- [WHAT IS BEING ASKED] Take the lines below from the one with "Spray protectie solara, Avène, SPF" through the one with "Clara Brugada expresa" and print only them, exactly. Don't print the pictures.

- [SUPPLIED RECORDS]
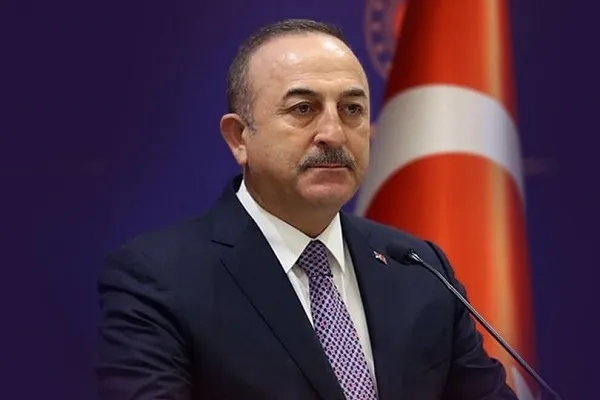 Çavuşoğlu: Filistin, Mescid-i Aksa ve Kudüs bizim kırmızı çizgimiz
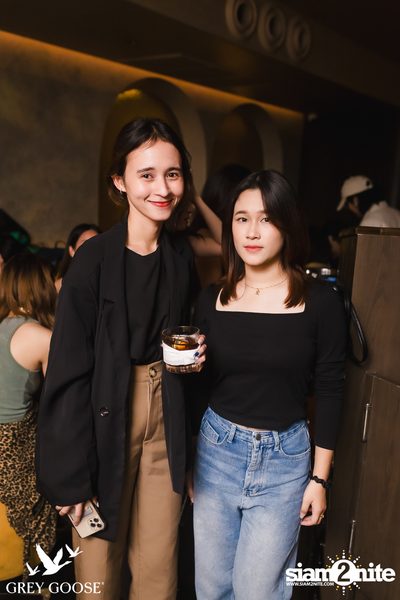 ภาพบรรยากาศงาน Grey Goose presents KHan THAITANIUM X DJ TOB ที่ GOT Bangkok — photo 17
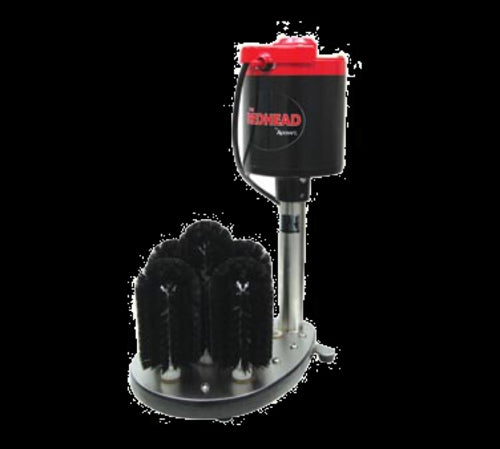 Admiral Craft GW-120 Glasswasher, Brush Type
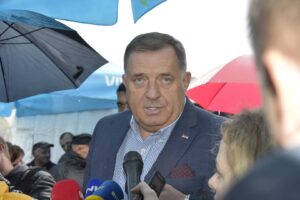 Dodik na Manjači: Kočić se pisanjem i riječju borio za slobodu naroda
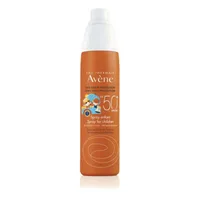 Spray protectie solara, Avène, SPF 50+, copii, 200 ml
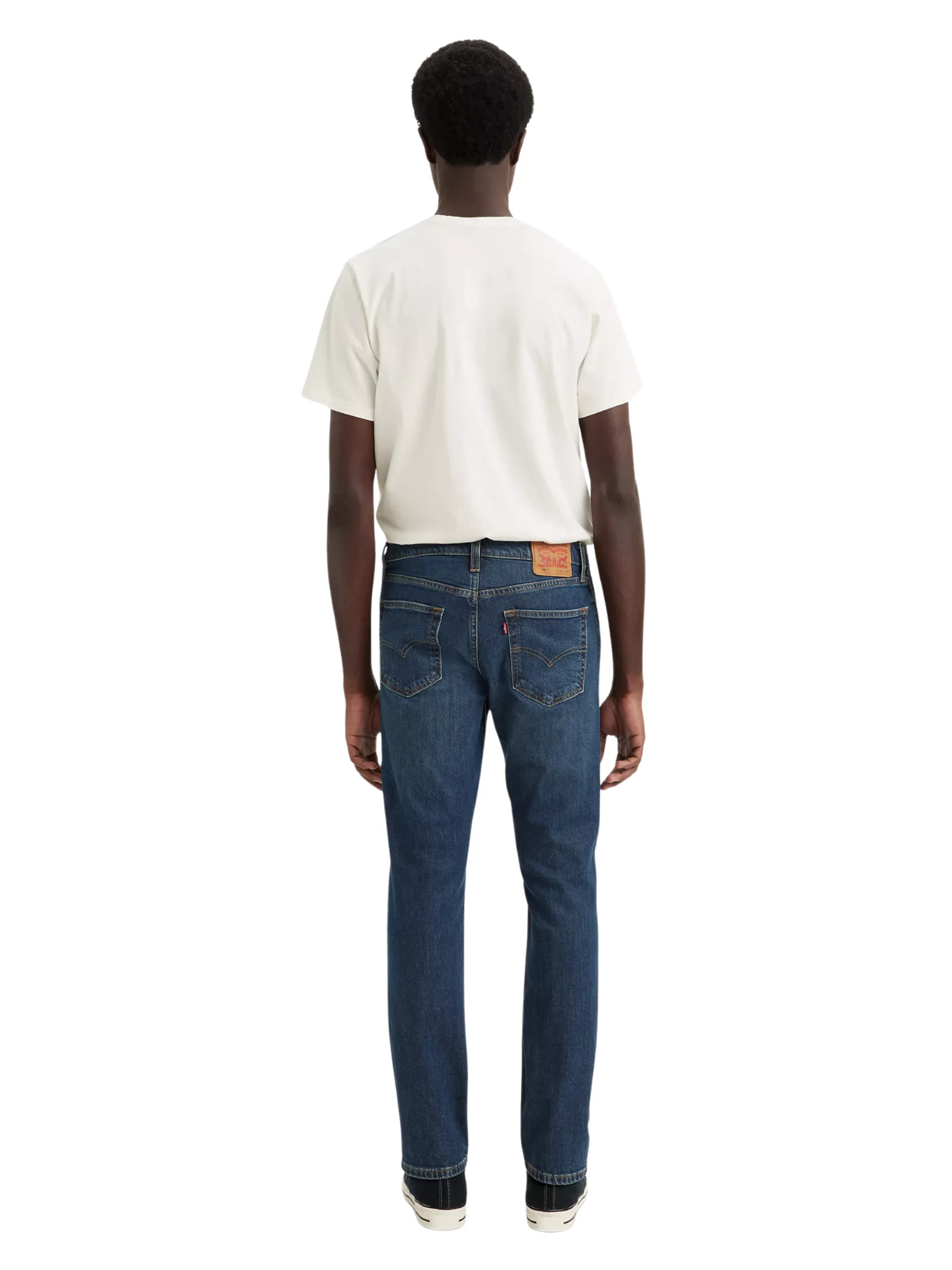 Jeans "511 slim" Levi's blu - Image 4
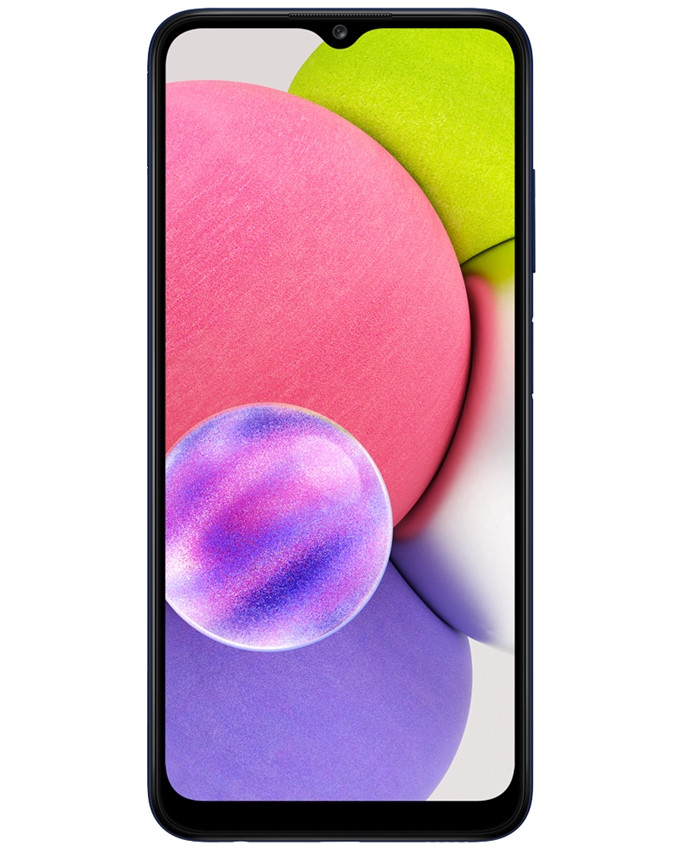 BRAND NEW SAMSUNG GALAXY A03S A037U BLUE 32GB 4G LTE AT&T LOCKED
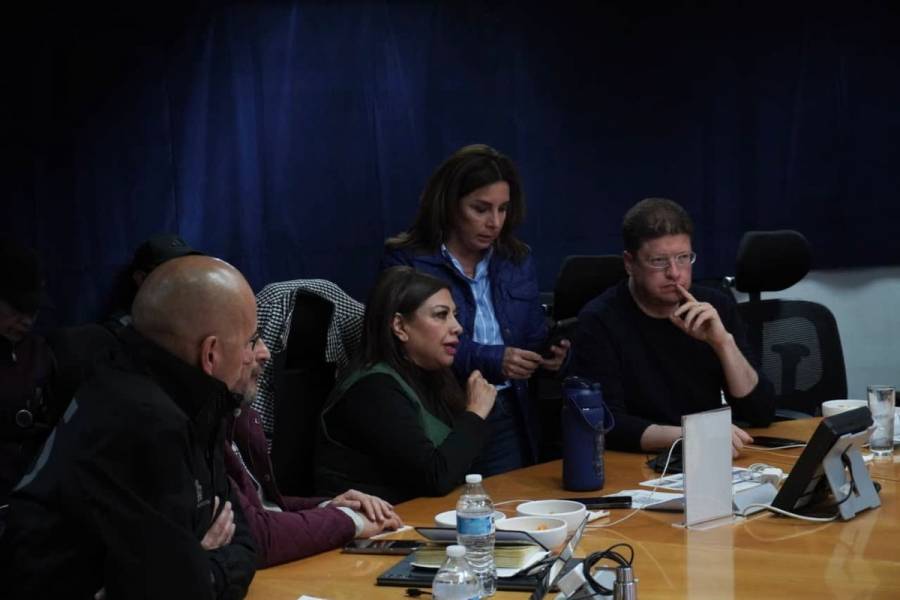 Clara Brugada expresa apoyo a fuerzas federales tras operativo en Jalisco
...
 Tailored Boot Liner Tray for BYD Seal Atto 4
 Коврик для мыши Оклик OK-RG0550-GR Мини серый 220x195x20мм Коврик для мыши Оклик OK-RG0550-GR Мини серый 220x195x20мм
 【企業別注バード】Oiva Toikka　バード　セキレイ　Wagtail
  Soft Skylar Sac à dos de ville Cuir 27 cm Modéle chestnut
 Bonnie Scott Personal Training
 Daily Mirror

- [SOLUTION BELOW]
 Spray protectie solara, Avène, SPF 50+, copii, 200 ml
 Jeans "511 slim" Levi's blu - Image 4
 BRAND NEW SAMSUNG GALAXY A03S A037U BLUE 32GB 4G LTE AT&T LOCKED
 Clara Brugada expresa apoyo a fuerzas federales tras operativo en Jalisco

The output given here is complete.